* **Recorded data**
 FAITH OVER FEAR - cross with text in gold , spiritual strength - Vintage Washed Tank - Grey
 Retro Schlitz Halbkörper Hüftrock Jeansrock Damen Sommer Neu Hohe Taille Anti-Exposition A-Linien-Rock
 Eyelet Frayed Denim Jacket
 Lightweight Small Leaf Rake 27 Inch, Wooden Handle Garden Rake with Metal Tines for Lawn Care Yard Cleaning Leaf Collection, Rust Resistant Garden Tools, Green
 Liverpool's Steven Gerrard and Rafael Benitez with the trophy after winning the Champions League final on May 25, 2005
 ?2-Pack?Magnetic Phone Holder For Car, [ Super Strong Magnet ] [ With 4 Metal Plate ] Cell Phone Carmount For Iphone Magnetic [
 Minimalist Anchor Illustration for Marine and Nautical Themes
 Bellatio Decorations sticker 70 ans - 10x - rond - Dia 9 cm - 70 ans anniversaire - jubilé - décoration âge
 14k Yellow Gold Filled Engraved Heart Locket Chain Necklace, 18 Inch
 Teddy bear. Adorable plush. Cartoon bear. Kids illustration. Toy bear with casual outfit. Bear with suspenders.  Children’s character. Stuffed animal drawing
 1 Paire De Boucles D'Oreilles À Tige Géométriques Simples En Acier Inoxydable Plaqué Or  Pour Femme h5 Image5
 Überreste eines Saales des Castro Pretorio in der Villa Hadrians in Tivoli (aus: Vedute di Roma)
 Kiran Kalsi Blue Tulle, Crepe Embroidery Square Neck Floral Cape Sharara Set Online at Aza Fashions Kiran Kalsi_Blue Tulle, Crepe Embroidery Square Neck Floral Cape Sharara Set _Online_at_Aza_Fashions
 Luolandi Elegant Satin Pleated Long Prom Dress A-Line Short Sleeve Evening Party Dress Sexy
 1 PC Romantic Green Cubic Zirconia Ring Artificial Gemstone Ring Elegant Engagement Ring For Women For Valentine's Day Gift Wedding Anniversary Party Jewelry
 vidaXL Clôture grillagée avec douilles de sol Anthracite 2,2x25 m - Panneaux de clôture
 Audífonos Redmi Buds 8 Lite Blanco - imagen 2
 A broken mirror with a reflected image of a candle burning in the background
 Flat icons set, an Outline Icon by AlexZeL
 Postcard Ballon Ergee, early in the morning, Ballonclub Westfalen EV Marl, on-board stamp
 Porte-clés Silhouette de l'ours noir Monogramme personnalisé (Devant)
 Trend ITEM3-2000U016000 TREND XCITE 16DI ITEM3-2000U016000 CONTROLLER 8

* **Exercise brief**
Starting at the line above that contains "1 Paire De Boucles", write out each line exactly until the line that contains "A broken mirror" has been written, and stop there.

* **Exercise answer**
 1 Paire De Boucles D'Oreilles À Tige Géométriques Simples En Acier Inoxydable Plaqué Or  Pour Femme h5 Image5
 Überreste eines Saales des Castro Pretorio in der Villa Hadrians in Tivoli (aus: Vedute di Roma)
 Kiran Kalsi Blue Tulle, Crepe Embroidery Square Neck Floral Cape Sharara Set Online at Aza Fashions Kiran Kalsi_Blue Tulle, Crepe Embroidery Square Neck Floral Cape Sharara Set _Online_at_Aza_Fashions
 Luolandi Elegant Satin Pleated Long Prom Dress A-Line Short Sleeve Evening Party Dress Sexy
 1 PC Romantic Green Cubic Zirconia Ring Artificial Gemstone Ring Elegant Engagement Ring For Women For Valentine's Day Gift Wedding Anniversary Party Jewelry
 vidaXL Clôture grillagée avec douilles de sol Anthracite 2,2x25 m - Panneaux de clôture
 Audífonos Redmi Buds 8 Lite Blanco - imagen 2
 A broken mirror with a reflected image of a candle burning in the background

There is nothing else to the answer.